● Try it:
Print all of the data below exactly as it appears, leaving out every image.
START Given data
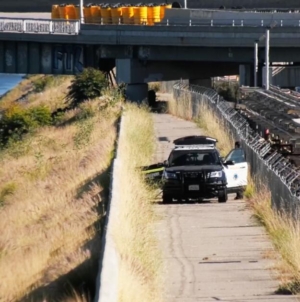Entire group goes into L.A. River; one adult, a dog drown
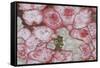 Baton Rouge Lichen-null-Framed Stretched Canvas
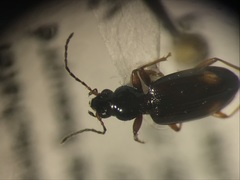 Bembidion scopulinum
END Given data
● Response to this task:
Entire group goes into L.A. River; one adult, a dog drown
 Baton Rouge Lichen-null-Framed Stretched Canvas
 Bembidion scopulinum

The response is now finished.